Unable to Install CUDA-Enabled PyTorch for NVIDIA GB10 GPU (Only CPU Version Installed)

Hi,
I am currently using an NVIDIA GB10 GPU and trying to install PyTorch, Torchvision, and Torchaudio with CUDA support. However, every time I install PyTorch, it only installs the CPU-only version, and CUDA is not detected.

I need the GPU-enabled version because I’m using Unsloth for fine-tuning models, and it requires CUDA acceleration.

Could someone guide me on how to properly install the CUDA-enabled PyTorch stack for the GB10 GPU?
Are there specific CUDA toolkit, PyTorch versions, or wheels that I need to use for this GPU?

current driver version of CUDA is 13.00

1 Like

I’m facing the same problem.

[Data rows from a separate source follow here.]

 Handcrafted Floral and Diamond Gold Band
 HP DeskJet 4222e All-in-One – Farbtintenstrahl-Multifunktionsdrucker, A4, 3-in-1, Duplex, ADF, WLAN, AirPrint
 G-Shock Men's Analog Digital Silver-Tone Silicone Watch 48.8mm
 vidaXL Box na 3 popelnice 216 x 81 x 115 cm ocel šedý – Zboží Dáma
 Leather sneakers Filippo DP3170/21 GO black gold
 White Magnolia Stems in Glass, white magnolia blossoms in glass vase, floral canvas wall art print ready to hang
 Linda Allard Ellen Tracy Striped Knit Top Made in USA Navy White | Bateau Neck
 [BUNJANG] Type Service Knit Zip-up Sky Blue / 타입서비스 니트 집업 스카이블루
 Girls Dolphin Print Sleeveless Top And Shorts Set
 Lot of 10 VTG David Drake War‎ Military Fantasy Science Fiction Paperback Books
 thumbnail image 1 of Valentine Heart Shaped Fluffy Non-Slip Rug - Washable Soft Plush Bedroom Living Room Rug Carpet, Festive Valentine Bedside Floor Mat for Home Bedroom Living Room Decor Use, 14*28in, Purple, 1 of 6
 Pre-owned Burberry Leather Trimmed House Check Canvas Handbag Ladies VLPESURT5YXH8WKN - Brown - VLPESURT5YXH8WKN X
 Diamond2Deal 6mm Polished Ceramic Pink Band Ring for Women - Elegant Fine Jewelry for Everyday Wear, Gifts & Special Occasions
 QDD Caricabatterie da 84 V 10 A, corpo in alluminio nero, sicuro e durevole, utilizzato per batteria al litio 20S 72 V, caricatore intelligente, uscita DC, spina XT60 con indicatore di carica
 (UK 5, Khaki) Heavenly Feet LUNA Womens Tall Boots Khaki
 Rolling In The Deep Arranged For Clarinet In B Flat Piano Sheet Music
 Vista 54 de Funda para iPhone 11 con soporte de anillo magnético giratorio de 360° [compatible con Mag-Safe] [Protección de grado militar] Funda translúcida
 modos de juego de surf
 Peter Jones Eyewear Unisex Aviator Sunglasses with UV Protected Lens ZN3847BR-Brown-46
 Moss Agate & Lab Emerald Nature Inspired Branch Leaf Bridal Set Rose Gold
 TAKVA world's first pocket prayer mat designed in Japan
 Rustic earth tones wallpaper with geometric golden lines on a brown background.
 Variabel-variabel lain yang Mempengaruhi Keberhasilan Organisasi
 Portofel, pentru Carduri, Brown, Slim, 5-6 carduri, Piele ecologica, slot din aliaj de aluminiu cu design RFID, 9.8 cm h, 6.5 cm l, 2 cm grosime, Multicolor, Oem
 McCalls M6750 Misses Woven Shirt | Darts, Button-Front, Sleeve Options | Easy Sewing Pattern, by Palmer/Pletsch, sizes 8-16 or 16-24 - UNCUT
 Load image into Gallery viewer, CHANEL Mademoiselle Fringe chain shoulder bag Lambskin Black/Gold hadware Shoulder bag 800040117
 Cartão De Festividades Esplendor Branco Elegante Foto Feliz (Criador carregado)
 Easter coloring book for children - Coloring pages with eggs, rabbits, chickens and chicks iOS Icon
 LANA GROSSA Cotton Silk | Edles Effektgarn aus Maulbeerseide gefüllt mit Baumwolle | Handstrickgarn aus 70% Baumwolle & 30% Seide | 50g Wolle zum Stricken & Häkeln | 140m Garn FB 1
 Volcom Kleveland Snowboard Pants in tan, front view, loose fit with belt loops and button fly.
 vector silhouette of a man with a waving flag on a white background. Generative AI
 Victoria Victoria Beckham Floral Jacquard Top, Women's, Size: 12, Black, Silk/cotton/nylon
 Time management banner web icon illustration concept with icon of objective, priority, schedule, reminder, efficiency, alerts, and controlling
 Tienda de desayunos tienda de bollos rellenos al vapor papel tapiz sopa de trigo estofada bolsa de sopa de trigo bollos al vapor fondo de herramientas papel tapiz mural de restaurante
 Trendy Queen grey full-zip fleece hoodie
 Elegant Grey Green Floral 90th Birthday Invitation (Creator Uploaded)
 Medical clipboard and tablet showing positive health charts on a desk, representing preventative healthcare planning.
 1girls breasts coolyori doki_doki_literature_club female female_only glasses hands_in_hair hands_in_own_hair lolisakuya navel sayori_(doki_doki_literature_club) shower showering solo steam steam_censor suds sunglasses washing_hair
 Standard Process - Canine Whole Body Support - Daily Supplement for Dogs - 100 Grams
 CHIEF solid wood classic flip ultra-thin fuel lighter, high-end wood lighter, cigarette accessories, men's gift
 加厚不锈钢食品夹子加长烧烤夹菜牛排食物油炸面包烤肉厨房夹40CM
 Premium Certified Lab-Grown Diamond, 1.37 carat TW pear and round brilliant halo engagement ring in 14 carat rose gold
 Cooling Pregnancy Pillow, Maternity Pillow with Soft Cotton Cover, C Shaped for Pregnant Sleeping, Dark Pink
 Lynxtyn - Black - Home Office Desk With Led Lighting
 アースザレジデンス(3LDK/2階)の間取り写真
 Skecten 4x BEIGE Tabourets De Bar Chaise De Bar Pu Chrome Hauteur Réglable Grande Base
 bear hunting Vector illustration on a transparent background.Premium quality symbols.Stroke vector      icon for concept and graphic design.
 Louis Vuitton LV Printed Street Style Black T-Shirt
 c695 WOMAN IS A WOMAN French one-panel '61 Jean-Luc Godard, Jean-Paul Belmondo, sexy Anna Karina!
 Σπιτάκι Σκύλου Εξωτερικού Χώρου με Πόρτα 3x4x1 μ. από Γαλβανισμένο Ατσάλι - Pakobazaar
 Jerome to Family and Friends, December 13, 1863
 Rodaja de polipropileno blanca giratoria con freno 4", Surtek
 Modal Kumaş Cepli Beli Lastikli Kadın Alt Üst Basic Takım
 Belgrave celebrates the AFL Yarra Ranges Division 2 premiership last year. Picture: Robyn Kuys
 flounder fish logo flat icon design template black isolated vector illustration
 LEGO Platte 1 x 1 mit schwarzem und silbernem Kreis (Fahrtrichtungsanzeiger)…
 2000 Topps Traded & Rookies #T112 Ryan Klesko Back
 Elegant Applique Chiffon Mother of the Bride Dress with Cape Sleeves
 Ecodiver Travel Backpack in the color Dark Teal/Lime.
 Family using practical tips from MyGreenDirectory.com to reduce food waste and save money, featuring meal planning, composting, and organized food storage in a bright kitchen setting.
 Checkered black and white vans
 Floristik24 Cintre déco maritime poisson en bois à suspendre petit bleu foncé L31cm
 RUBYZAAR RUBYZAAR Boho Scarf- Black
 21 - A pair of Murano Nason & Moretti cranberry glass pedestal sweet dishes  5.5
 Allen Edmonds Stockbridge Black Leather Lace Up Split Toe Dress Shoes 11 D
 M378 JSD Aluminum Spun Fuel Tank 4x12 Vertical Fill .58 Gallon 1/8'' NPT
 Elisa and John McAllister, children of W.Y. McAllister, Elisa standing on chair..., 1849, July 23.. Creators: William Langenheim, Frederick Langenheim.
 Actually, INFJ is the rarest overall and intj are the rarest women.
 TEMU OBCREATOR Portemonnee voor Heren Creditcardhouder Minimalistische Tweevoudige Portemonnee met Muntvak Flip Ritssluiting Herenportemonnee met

If you got the solution, please let me know as well.

Use this below with docker and let me know if it is working or not for you

  1. sudo docker run --gpus all -it --name unsloth-pytorch-24.12 -v “$PWD”:/workspace nvcr.io/nvidia/pytorch:24.12-py3

  2. pip install --pre torch torchvision torchaudio --index-url https://download.pytorch.org/whl/nightly/cu128

  3. python -c “import torch; print(‘PyTorch:’, torch.version); print(‘CUDA available:’, torch.cuda.is_available()); print(‘Device:’, torch.cuda.get_device_name(0)); print(‘Compute capability:’, torch.cuda.get_device_capability(0)); print(‘Inductor config exists:’, hasattr(torch._inductor, ‘config’))”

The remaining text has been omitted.